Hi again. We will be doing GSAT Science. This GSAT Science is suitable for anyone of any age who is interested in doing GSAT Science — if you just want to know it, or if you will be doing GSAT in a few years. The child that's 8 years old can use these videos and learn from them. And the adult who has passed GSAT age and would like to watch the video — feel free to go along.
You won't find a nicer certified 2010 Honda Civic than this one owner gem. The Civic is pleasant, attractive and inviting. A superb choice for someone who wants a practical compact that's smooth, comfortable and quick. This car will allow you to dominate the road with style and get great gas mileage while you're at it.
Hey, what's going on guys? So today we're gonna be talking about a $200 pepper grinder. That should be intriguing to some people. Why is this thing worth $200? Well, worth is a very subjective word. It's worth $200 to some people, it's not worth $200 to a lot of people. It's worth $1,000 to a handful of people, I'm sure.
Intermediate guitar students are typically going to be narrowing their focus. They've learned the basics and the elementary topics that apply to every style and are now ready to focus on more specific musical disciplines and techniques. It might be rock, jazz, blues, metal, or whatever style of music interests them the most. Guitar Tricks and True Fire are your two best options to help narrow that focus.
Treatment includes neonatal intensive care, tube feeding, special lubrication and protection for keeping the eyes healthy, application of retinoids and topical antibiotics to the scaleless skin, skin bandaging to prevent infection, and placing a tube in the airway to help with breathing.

+--

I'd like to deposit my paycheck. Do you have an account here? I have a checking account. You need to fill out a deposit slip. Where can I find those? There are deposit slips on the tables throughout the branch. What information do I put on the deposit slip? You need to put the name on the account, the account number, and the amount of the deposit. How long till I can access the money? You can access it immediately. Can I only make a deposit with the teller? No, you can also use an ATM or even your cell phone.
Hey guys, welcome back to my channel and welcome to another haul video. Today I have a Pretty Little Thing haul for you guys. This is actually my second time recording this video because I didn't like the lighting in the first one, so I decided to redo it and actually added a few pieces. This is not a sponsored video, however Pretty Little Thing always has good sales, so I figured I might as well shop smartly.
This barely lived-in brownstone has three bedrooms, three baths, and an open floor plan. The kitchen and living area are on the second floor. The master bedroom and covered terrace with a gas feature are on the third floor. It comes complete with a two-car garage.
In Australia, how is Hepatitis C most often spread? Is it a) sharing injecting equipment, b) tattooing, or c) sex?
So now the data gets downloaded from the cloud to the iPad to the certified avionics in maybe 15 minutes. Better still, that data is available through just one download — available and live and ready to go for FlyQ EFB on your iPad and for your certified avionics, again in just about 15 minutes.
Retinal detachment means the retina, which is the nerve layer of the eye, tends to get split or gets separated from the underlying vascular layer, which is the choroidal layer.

+--

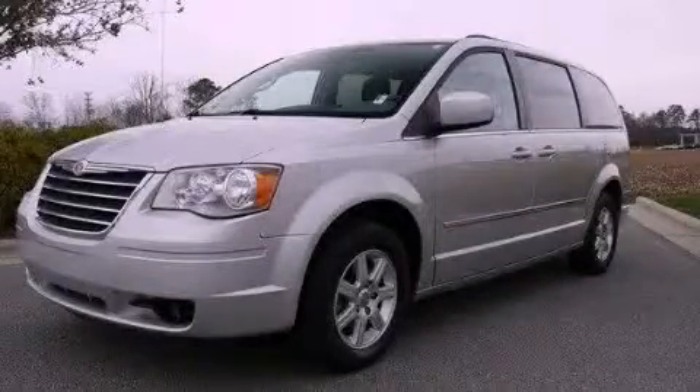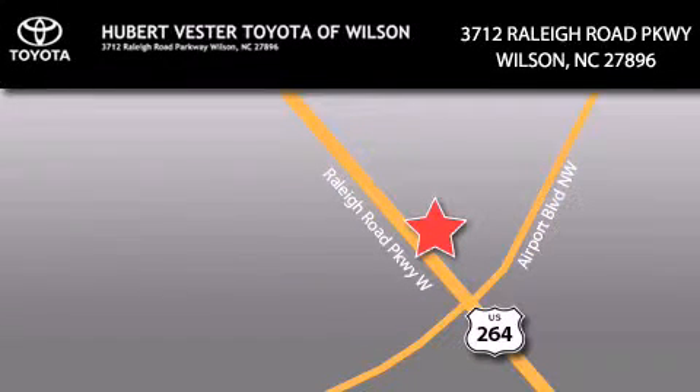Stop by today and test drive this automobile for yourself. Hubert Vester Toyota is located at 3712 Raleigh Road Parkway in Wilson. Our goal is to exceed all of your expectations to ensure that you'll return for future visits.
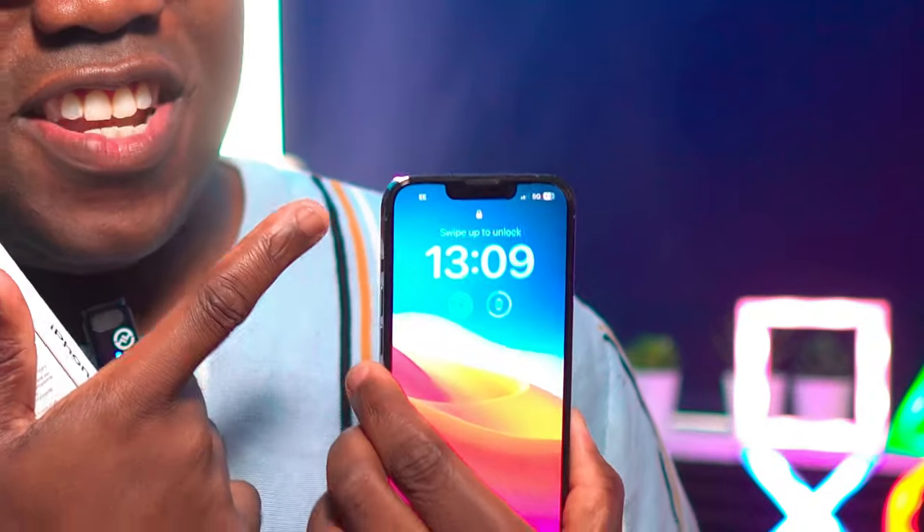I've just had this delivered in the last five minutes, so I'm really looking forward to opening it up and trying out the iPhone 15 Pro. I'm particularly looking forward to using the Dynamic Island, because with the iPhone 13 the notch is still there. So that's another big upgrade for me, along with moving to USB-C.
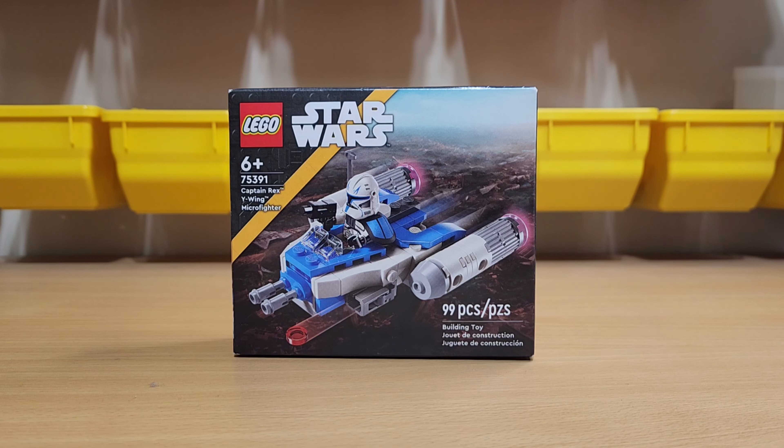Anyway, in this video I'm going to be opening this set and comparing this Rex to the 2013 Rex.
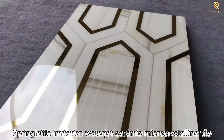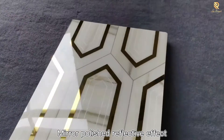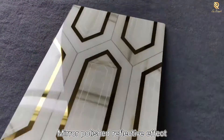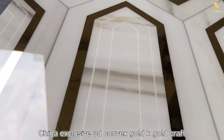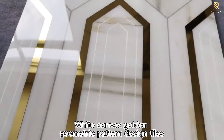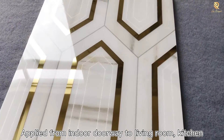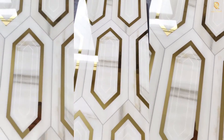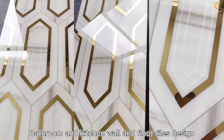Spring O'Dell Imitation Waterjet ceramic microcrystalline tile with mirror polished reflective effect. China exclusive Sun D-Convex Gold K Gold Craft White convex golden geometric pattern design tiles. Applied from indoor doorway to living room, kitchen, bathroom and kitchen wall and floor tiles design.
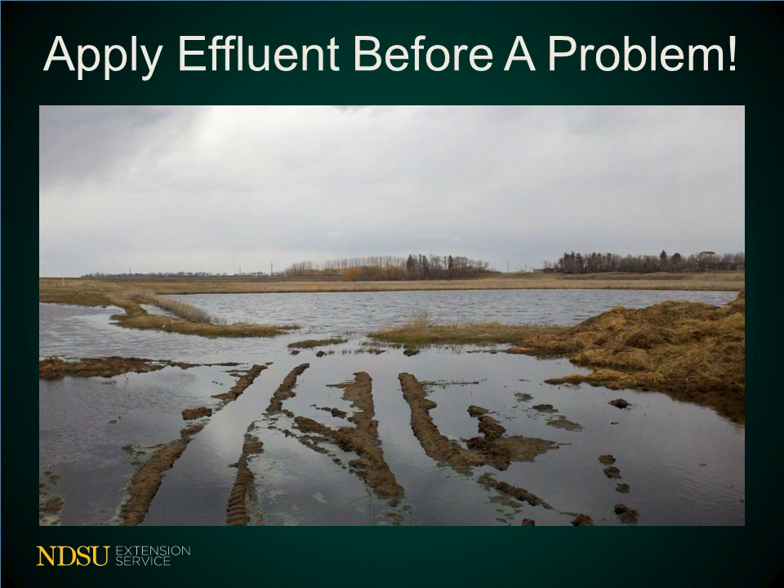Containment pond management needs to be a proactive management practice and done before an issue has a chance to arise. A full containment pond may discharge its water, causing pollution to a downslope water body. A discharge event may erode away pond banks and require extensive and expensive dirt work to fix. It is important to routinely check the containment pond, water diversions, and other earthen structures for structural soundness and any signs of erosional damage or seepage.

+--

== PROBLEM STATEMENT ==
Using the data above, reproduce exactly the lines between those holding "This barely lived-in" and "Retinal detachment means", inclusive, and no others.

== THE ANSWER ==
This barely lived-in brownstone has three bedrooms, three baths, and an open floor plan. The kitchen and living area are on the second floor. The master bedroom and covered terrace with a gas feature are on the third floor. It comes complete with a two-car garage.
In Australia, how is Hepatitis C most often spread? Is it a) sharing injecting equipment, b) tattooing, or c) sex?
So now the data gets downloaded from the cloud to the iPad to the certified avionics in maybe 15 minutes. Better still, that data is available through just one download — available and live and ready to go for FlyQ EFB on your iPad and for your certified avionics, again in just about 15 minutes.
Retinal detachment means the retina, which is the nerve layer of the eye, tends to get split or gets separated from the underlying vascular layer, which is the choroidal layer.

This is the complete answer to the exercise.